É sob esta noção que nasce a exposição Essay, do artista alemão Julius Heinemman. Nas paredes da Jahn und Jahn, o artista esboça a sua visão sobre o mundo com 64 aguarelas produzidas ao longo de dois anos. As obras, de formato intimista, apresentam motivos diversos que vão desde paisagens, fragmentos de ambientes domésticos, a objetos do quotidiano. É um ensaio visual subtil e delicado, que recorre à técnica da aguarela para explorar a luz, as suas sobreposições e profundidades.
As aguarelas que ocupam a primeira sala são as que ilustram motivos mais concretos. Na constelação de imagens há referências à figura humana através de silhuetas, mãos e rostos, ou uns óculos que pousam sobre o vazio; há ainda o doméstico através de vasos, chávenas e janelas, que lembram as aguarelas de Giorgio Morandi. São imagens serenas que evocam o quotidiano, que dele colhem momentos suspensos.
Na sala que se conecta ao corredor, vemos variações de uma mesma paisagem bucólica, umas vezes marcada por um sol, outras por uma lua. Estes dois elementos celestes assinalam o centro da composição, a noite e o dia, o quente e o frio. Dos contrastes nascem horizontes que tanto separam o céu do oceano, como os unem.
A abstração vai crescendo a cada núcleo de trabalhos, e na última sala as aguarelas destacam-se pela composição geométrica. O que nasce da observação de espaços vazios são rastos de luz que delimitam os limites de cada lugar. Desta perceção do vazio surgem composições que parecem demarcar a viagem da luz pelo espaço.

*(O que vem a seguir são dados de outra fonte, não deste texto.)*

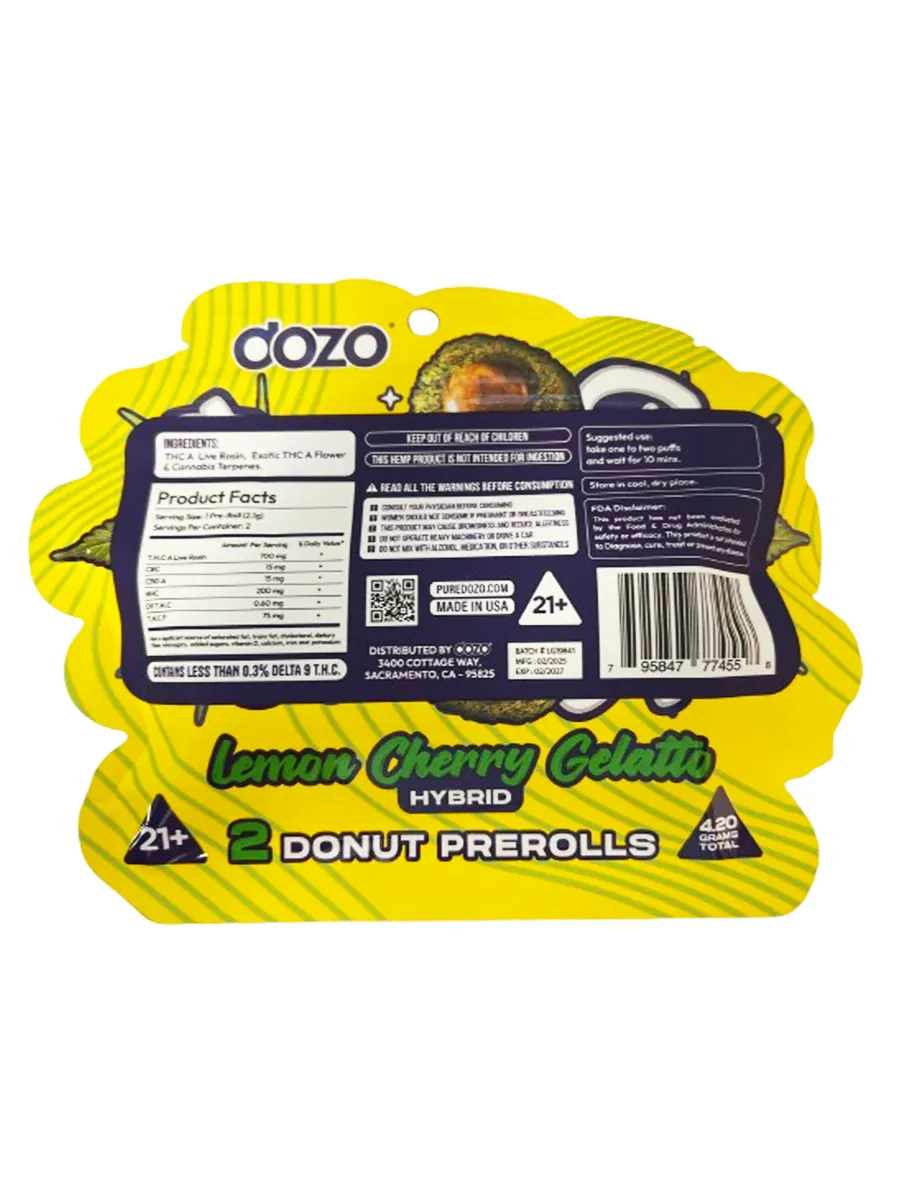 Lemon Cherry Gelato Dozo Donut Pre-Rolls x2 4.20G - Image 2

Apesar da serenidade de cada aguarela, a repetição dos motivos, ainda que diversa, salienta a urgência em marcar o gesto sobre o papel. Questionado sobre o seu processo, Julius contou-me que se guia pela intuição, mantendo sempre um estado de alerta. Semelhante a quem pega numa câmara fotográfica para captar um instante fugaz, Julius também se guia pela luz para assinalar aquilo que vê. A luz como elemento em constante mudança, que varia de tonalidade e intensidade à medida que o sol percorre o céu. Assim, as imagens que pinta refletem fenómenos efémeros, enraizados na sua observação do mundo. A repetição surge porque há imagens que pedem uma exploração mais profunda, fazendo nascer aguarelas que exploram a mesma ideia, mas que olham para ela sob um ângulo ou tempo diferentes.
Essay é um ensaio sobre a fugacidade da luz e do tempo, que explora uma luz específica: aquela que atravessa as janelas, que ilumina o interior dos espaços e dos objetos que neles habitam. É uma meditação visual sobre as subtilezas da luz e da forma.
Paralelamente a Essay, acontece uma outra exposição de Julius Heinemann na Casa da Cerca em Almada, marcada pela instalação site–specific O Espelho, que acontece no exterior do edifício, atualmente em remodelação. Nas palavras do artista, “enquanto que a exposição na Jahn und Jahn é uma reflexão sobre a subjetividade e a visão sobre o mundo exterior, a instalação na Casa da Cerca consiste numa reflexão na direção oposta: uma projeção do interior para o exterior.”
Essay de Julius Heinemman está patente na Jahn und Jahn até 29 de junho de 2024.